Companies like BlueCava have figured out a way to track online behavior without cookies. BlueCava’s device identification platform attempted to identify individual users based on which browser and device they were using, information that is sent along with every request to a web server. (BlueCava now describes the service it provides as “multi-screen identification capabilities,” presumably because it’s harder to decipher what that actually means.) This is one of the reasons privacy remedies focused on particular technical mechanisms, such as the (mostly ignored) “do not track” header or third-party cookies, cannot suffice on their own.
The situation is different with sites like Facebook and Twitter, which require users to sign up for an account that they are encouraged to remain logged in to. Unless you micromanage your web privacy settings and browser activity, these sites have the ability to track you across the web. Every time you go to a site that has a Facebook “like” button or a Twitter “tweet” button or a Google “+1” button, or a site that lets you comment with your Facebook or Twitter or Google account, those companies know that you’ve visited the site, whether or not you click on the button. And every time you click the “like” button or authorize an application, Facebook eagerly hands over your data to the online gaming company Zynga, and to newspapers and publishing companies.
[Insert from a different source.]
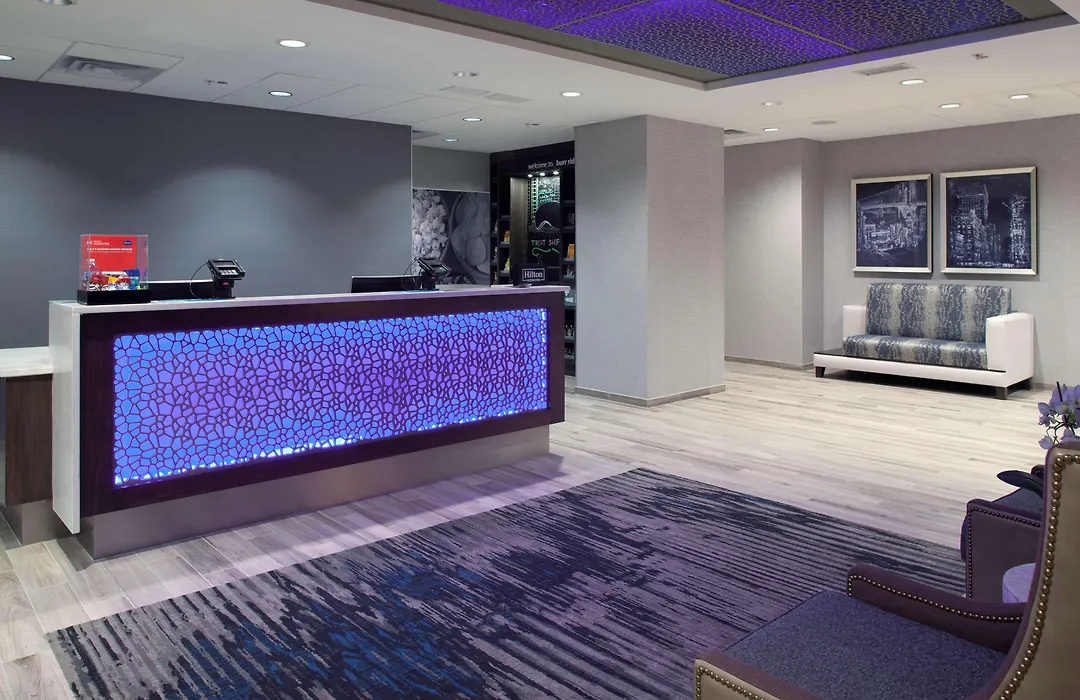 Hampton Inn & Suites Chicago-Burr Ridge-1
Sharing your information with a third-party application on Facebook is akin to poking a hole in a water balloon: only one prick is needed for everything to leak out.
The lie of the web is that each page is a discrete entity. This was true a generation ago, when pages were merely formatted text, but now that they host all sorts of code and cookies, it’s more accurate to think of web pages as collages of content, advertisements, federated services and tracking mechanisms that can talk to one another to a lesser or greater degree depending on your browser’s privacy settings. The web is becoming a tightly connected mass of trackers and bugs, a single beast with a million eyes pointing in every direction.
If you’re logged in to Facebook, Twitter, Google or Amazon, it’s safe to say these sites are tracking and retaining everything you’re doing on their sites and on any other sites that host their scripts and widgets. It’s how they make recommendations: for friends, products, events. Advertising targeters like Acxiom, Turn and BlueKai are tracking users in a different though equally invasive way. A newspaper’s website may know all the visitors to its site, but it knows nothing about their activities elsewhere. Its advertisers might, however, and Google Analytics certainly does: it offers a wide array of services to websites, tracking where users are coming from and what they search for before arriving at a page, all behind a slick interface. In exchange, Google gets to see the entire history of a site’s access logs. Google Analytics and similar services like Quantcast and comScore are so ubiquitous that most of your web browsing is likely captured by one or more of these companies. They don’t have your name, but they have your IP address, rough physical location and a good chunk of your activity online. This “raw data” is considered quite sensitive, since many companies have policies against retaining it. Google, for example, boasts of anonymizing IP addresses after nine months and cookies after eighteen. But many more sites lack any such policy, and few websites will promise that your visit has not been permanently archived by some unaffiliated company.